Source records
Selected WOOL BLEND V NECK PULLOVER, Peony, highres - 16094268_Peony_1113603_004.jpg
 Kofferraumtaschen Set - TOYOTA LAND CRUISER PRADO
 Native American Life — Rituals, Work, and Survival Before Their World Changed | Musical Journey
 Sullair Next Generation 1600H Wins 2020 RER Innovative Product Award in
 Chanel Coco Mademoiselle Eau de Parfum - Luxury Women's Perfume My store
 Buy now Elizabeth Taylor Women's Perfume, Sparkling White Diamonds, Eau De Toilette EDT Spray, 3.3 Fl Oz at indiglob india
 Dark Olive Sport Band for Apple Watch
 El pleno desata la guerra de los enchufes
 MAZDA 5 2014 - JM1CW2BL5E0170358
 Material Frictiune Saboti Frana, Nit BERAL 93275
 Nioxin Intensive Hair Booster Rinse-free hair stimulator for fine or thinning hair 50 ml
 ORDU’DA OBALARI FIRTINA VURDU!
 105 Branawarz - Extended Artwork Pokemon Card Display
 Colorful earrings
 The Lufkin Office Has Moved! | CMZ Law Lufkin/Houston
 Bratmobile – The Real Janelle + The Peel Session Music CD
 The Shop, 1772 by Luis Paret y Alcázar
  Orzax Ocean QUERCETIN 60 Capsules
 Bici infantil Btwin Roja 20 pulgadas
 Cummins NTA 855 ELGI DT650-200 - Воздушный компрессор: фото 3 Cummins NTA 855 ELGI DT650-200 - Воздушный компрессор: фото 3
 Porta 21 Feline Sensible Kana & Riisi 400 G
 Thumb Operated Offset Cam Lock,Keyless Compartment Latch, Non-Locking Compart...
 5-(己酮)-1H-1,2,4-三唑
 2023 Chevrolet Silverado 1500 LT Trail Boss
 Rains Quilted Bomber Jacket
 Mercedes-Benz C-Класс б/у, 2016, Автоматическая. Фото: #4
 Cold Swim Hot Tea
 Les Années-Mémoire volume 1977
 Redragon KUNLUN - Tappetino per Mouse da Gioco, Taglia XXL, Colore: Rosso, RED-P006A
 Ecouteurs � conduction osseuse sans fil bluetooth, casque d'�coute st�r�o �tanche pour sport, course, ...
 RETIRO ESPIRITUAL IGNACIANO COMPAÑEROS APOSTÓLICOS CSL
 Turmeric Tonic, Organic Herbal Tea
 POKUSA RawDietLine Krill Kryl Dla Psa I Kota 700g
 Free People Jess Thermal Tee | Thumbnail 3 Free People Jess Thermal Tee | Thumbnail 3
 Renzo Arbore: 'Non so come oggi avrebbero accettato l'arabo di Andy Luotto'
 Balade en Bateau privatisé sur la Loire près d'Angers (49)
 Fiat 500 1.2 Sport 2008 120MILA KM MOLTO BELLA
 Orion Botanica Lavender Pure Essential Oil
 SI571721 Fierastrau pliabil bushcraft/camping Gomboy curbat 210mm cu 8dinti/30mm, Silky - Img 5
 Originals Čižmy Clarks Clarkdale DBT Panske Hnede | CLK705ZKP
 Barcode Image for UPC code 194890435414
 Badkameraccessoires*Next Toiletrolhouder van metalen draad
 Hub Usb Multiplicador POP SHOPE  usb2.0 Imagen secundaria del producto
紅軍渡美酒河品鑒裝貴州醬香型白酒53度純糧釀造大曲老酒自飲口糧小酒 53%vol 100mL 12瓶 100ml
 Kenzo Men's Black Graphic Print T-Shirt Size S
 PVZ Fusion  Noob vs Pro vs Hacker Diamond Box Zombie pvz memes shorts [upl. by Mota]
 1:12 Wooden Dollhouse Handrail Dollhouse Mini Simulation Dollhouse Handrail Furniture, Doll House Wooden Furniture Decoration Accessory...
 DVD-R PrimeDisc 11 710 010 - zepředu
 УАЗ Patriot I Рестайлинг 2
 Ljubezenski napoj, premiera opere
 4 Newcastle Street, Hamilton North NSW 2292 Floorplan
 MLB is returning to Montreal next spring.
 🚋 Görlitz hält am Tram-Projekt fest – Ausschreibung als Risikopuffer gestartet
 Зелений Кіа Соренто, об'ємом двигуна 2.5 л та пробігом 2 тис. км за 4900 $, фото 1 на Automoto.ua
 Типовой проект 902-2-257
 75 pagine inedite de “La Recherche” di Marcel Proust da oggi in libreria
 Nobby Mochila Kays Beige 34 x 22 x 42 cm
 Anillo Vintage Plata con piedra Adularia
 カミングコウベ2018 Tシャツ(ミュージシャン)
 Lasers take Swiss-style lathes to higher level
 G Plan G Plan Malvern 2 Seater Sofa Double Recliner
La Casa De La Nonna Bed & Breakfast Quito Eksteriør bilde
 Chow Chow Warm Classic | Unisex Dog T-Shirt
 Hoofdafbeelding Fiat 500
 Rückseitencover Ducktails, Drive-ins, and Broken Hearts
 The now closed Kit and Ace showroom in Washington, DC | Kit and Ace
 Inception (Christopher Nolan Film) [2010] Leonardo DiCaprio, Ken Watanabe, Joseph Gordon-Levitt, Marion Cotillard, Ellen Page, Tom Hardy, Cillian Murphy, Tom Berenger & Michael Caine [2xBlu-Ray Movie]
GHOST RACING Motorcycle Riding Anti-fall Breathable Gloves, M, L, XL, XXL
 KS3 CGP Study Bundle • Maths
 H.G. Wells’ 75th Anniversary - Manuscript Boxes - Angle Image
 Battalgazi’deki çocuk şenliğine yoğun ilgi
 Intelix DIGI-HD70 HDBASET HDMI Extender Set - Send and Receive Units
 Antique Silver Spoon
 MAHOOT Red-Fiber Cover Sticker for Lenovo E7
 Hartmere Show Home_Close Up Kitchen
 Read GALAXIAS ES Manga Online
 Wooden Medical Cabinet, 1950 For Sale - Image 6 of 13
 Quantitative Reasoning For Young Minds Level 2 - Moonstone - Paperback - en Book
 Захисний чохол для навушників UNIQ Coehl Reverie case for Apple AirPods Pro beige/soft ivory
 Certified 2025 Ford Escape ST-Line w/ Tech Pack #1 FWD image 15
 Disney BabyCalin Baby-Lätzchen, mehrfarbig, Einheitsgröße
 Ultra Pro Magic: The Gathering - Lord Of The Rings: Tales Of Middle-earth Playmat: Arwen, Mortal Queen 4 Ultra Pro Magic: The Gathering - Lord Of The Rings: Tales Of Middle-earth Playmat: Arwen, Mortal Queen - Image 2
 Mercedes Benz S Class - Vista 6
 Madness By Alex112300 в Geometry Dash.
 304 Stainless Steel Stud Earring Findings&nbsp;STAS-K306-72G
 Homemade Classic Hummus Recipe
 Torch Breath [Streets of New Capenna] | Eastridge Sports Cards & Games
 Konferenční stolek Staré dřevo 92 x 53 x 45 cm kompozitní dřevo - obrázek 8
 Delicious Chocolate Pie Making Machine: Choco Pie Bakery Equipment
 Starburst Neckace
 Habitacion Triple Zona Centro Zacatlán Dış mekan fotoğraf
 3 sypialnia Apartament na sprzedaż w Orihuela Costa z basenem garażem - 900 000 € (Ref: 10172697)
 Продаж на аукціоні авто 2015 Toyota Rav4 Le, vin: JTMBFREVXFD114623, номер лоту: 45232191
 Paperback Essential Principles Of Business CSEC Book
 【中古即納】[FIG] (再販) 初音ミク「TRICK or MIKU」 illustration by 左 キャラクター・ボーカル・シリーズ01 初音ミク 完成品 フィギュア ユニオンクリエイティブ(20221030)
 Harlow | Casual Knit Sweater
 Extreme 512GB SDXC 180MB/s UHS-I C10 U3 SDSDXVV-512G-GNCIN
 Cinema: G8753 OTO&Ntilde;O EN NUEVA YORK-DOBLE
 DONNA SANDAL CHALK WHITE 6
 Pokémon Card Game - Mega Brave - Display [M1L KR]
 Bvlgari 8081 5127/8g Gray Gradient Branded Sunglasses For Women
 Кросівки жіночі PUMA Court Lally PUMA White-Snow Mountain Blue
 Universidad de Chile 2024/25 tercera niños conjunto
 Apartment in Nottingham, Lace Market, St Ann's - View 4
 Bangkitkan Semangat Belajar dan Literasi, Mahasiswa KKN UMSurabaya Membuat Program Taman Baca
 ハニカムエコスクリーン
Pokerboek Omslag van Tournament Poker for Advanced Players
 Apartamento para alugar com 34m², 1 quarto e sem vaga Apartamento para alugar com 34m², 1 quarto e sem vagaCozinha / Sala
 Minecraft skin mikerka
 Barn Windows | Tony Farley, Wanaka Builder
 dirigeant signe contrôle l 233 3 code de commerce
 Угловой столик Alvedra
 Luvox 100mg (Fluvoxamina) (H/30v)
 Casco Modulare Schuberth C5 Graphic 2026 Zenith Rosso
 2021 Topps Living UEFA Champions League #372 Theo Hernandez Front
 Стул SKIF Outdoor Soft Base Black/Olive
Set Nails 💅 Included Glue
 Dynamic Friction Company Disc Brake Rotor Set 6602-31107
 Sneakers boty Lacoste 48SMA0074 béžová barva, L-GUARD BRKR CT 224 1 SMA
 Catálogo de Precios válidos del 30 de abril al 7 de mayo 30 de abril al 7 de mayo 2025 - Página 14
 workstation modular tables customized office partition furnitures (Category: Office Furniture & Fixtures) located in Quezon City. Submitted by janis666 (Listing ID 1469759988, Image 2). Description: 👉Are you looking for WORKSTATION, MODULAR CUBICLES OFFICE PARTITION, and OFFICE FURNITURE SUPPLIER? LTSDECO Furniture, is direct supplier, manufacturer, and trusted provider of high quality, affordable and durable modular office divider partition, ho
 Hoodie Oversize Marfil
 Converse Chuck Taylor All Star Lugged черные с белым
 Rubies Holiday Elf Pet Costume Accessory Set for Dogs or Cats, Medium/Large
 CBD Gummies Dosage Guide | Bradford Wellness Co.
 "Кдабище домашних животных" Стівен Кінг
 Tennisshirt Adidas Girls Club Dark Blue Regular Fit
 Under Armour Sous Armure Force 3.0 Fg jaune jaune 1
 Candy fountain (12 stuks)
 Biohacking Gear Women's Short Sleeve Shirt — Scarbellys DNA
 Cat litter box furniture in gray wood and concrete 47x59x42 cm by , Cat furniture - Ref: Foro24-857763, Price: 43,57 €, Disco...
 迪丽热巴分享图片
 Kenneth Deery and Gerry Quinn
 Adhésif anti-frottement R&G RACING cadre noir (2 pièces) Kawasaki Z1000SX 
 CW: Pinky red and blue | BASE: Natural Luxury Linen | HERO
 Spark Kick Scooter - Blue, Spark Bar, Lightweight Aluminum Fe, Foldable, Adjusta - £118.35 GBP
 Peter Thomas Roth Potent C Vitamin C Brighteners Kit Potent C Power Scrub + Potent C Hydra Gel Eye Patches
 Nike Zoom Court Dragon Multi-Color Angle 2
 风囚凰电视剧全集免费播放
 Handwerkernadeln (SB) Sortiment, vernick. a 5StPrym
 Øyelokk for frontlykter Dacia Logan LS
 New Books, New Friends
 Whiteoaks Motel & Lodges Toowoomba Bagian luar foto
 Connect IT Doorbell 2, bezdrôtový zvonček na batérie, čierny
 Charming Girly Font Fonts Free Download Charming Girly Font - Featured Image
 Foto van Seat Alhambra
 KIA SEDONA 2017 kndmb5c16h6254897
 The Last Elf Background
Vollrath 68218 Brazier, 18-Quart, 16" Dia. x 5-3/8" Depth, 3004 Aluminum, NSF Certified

Exercise details
Print exactly the lines above, between the one holding "MAHOOT Red-Fiber Cover Sticker for Lenovo E7" and the one holding "Quantitative Reasoning For", inclusive, and nothing besides.

Answer to this exercise
 MAHOOT Red-Fiber Cover Sticker for Lenovo E7
 Hartmere Show Home_Close Up Kitchen
 Read GALAXIAS ES Manga Online
 Wooden Medical Cabinet, 1950 For Sale - Image 6 of 13
 Quantitative Reasoning For Young Minds Level 2 - Moonstone - Paperback - en Book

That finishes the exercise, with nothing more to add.